Sur le principe, la méthanisation se produit effectivement naturellement dans les sols, dans les eaux, dans les tas de fumier. Mais un groupe de 25 chercheurs indépendants, membre du Collectif Scientifique National Méthanisation raisonnée, s'inscrit en faux contre l'idée de la méthanisation industrielle comme énergie verte. D'après le physicien Daniel Chateigner, le processus n'est pas neutre en émission de gaz à effet de serre : "C’est un tour de passe passe. Quand je vais utiliser le gaz sur la gazinière, qui vient de l'unité de méthanisation, je vais créer du CO2. Ça, c’est un gaz à effet de serre. A partir de là, on comprend que la méthanisation génère des gaz à effet de serre, au minimum au moment de la consommation d'énergie."

14 accidents de méthaniseurs en Normandie

En plus des émissions de gaz à effet de serre, le collectif se mobilise et poursuit ses études car il redoute des accidents, notamment engendrés par des fuites de gaz. "En Normandie, on dénombre déjà 14 accidents dus à la méthanisation. 300 en France. Des pollutions des eaux par exemple. Nous avons mené une étude d’accidentologie. Nous estimons que le nombre d'accidents a été multiplié par cinq depuis 2015, l’année de l’ouverture des subventions. Il y aujourd'hui cinq fois plus d’accidents de méthaniseurs qu’avant, chiffre pondéré par le nombre de méthaniseurs en fonctionnement, car on travaille vite et n'importe comment. Tout est prévu en auto-contrôle donc, c’est évident, qu’il y a des accidents", ajoute le chercheur Daniel Chateigner. 

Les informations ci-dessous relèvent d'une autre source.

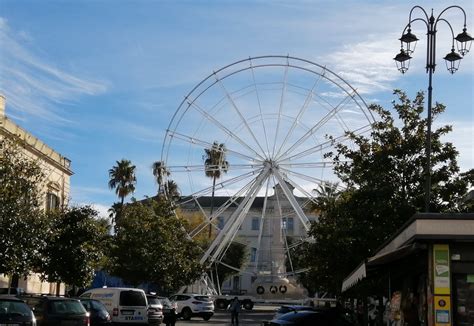 Martina Franca In Piazza La Ruota Panoramica Alta Metri Noi Notizie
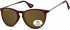 SFE-9859 Polarized Sunglasses in Turtle/Brown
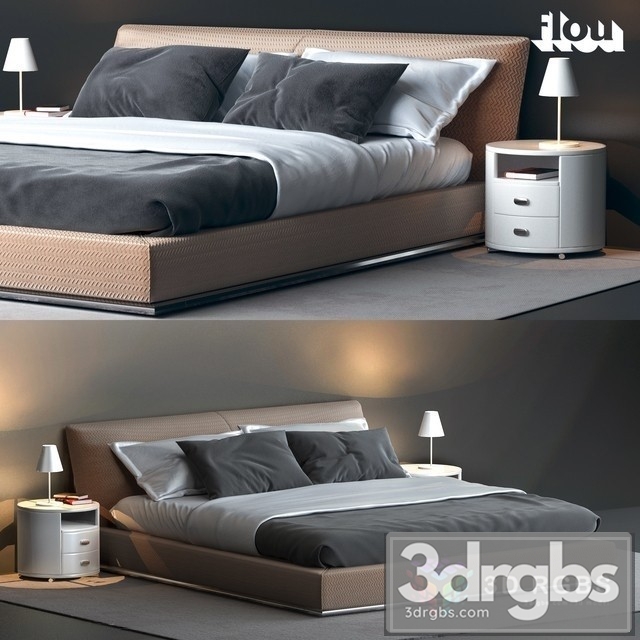 Flou Moderm Bed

Pour limiter le nombre d'accidents et la génération d'émission de gaz à effet de serre, le scientifique et son collectif militent pour que la méthanisation soit développée en circuit court"Il faut utiliser l’énergie en circuit court. L’agriculteur peut l'utiliser pour chauffer sa serre ou les riverains à proximité. Quand on sort de là ça n’a pas de sens. Le problème c’est comment on utilise la technologie. Imaginons des voies intelligentes pour en sortir du nucléaire et des énergies fossiles. La méthanisation à grande échelle n’en fait pas partie."

De son côté, le collectif préconise principalement la baisse de la consommation d'énergie : "Il faut commencer par isoler les habitations qui ne le sont pas pour limiter notre consommation d'énergie et investir massivement dans les pompes à chaleur", estime le scientifique.